***** Source records *****

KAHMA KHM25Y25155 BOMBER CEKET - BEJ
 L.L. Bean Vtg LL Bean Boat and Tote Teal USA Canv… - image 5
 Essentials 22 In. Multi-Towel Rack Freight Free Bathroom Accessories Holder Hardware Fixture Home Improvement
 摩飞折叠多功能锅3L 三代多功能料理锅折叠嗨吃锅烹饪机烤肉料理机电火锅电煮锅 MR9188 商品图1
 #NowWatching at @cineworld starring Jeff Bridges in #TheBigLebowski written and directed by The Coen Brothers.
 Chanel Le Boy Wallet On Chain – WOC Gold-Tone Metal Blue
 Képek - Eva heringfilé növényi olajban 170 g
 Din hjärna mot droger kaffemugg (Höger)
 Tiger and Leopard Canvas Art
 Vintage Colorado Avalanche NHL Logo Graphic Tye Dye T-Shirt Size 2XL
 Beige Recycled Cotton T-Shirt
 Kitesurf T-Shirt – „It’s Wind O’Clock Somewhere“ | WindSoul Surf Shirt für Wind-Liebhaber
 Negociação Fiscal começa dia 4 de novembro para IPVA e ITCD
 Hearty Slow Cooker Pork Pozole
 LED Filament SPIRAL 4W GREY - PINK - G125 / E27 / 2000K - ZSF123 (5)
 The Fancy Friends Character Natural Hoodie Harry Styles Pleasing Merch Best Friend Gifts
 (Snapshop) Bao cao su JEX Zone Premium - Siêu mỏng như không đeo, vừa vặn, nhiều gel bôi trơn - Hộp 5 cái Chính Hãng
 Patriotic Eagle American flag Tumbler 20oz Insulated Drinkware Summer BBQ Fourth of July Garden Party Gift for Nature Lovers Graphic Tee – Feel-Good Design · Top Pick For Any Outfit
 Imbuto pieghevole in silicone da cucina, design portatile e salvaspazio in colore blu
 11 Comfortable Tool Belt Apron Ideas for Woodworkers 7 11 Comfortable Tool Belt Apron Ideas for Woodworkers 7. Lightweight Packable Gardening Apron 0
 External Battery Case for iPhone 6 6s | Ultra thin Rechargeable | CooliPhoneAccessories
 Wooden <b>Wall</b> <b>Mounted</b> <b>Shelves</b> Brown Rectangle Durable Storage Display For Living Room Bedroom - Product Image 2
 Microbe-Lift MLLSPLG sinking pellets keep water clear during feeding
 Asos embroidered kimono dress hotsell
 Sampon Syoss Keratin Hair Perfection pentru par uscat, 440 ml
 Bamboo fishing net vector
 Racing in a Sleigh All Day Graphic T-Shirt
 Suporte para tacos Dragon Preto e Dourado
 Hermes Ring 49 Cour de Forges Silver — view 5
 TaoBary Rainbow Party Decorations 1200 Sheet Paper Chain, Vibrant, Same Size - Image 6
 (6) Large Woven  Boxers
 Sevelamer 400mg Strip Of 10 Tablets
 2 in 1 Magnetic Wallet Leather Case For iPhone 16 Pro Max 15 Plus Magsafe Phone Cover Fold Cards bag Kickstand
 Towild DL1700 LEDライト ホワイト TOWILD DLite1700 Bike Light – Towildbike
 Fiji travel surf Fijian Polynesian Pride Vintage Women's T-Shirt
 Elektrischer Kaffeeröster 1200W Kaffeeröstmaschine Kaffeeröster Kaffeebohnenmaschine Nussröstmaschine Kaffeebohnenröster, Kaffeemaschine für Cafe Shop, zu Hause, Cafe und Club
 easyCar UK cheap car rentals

*****

*Try it*
Copy exactly the lines that begin with the one containing "Suporte para tacos Dragon Preto e Dourado" and continue to the end of the records, both included, and nothing more.

*Exercise response*
 Suporte para tacos Dragon Preto e Dourado
 Hermes Ring 49 Cour de Forges Silver — view 5
 TaoBary Rainbow Party Decorations 1200 Sheet Paper Chain, Vibrant, Same Size - Image 6
 (6) Large Woven  Boxers
 Sevelamer 400mg Strip Of 10 Tablets
 2 in 1 Magnetic Wallet Leather Case For iPhone 16 Pro Max 15 Plus Magsafe Phone Cover Fold Cards bag Kickstand
 Towild DL1700 LEDライト ホワイト TOWILD DLite1700 Bike Light – Towildbike
 Fiji travel surf Fijian Polynesian Pride Vintage Women's T-Shirt
 Elektrischer Kaffeeröster 1200W Kaffeeröstmaschine Kaffeeröster Kaffeebohnenmaschine Nussröstmaschine Kaffeebohnenröster, Kaffeemaschine für Cafe Shop, zu Hause, Cafe und Club
 easyCar UK cheap car rentals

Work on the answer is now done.